Egypt barred the entry of a ship carrying 55,000 tonnes of Indian wheat that was originally intended for Turkey, Egyptian plant quarantine chief Ahmed El Attar said on Saturday.

“We rejected the ship before it entered Egypt,” he told Reuters, adding that Turkish quarantine authorities had already blocked the arrival of the vessel.

Separately, Egypt, the world’s biggest importer of wheat, was expecting the arrival of its first ever Indian wheat shipment later on Saturday, purchased by the Egyptian private sector.

Supply minister Aly Moselhy said in May that a deal with India to directly purchase 500,000 tonnes of wheat outside the usual tender system had been agreed but not yet signed.

In April, Egypt’s agriculture ministry announced it had approved India as a source of wheat supplies as the North African country seeks to supplant purchases disrupted by Russia’s invasion of Ukraine.

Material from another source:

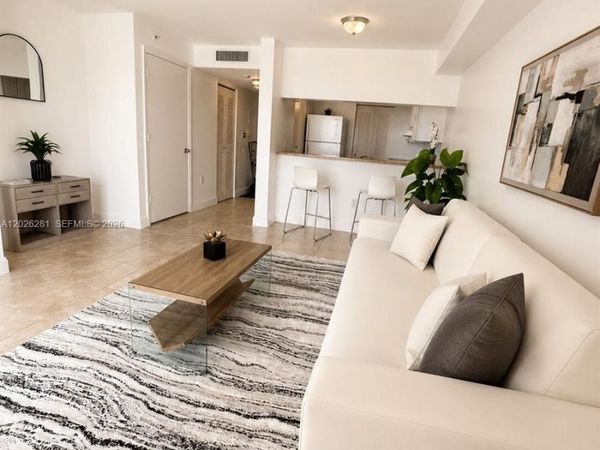 102 SW 6th Ave , Unit 205, Miami, FL 33130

India’s government confirmed that it would still allow shipments awaiting customs clearance and exports to Egypt.

Moselhy previously said that the Indian ban would not apply to a government deal with Egypt.

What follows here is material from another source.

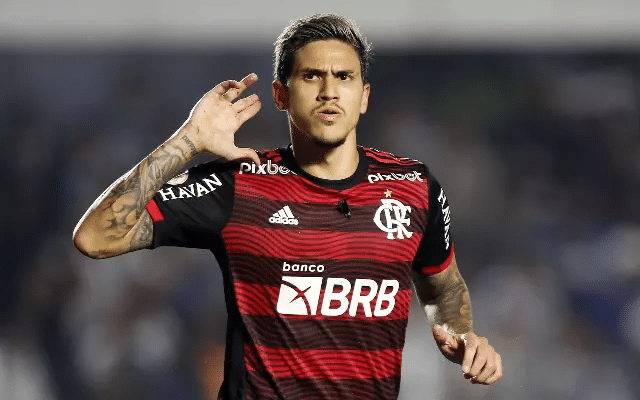 Pedro entra em grupo seleto do Flamengo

Egypt has procured 3.5 million tonnes of local wheat during the harvest season so far, a senior official in the ministry of agriculture told Reuters on Saturday.

The wheat procurement season ends in August, he added.

Amid reports of Turkey rejecting an Indian wheat consignment on quality concerns, Food Secretary Sudhanshu Pandey on Thursday had said the government has sought details from the Turkish authorities on the matter as the concerned exporter ITC Ltd has claimed that the shipment of 60,000 tonnes had all the required clearances.

Asked about Turkey rejecting the Indian wheat consignment on phytosanitary concerns, Pandey told reporters: “We checked up on this report. It was ITC and it met all the requirement of the quality.” The consignment had around 60,000 tonnes of wheat, he said.

ITC, a major wheat exporter, has informed the government that it had sold the wheat to a Geneva-based company, which further sold the commodity to a Turkish firm. All financial transactions had happened, Pandey said.

“Before payment, all local clearances must have been done. Quarantine had happened in India also. This is what the company has told us. …Their financial transaction…including Turkish importer was complete,” he added.

The secretary further said the Agriculture Department and agri-export promotion body APEDA have got in touch with the Turkish quarantine authorities on this issue.

“They have not heard anything from them. There is no formal communication as yet,” he noted.

India banned wheat exports on May 13 to keep local prices under control amid a slight estimated fall in domestic output. However, it allowed shipment of those consignments which were registered before the ban came into force.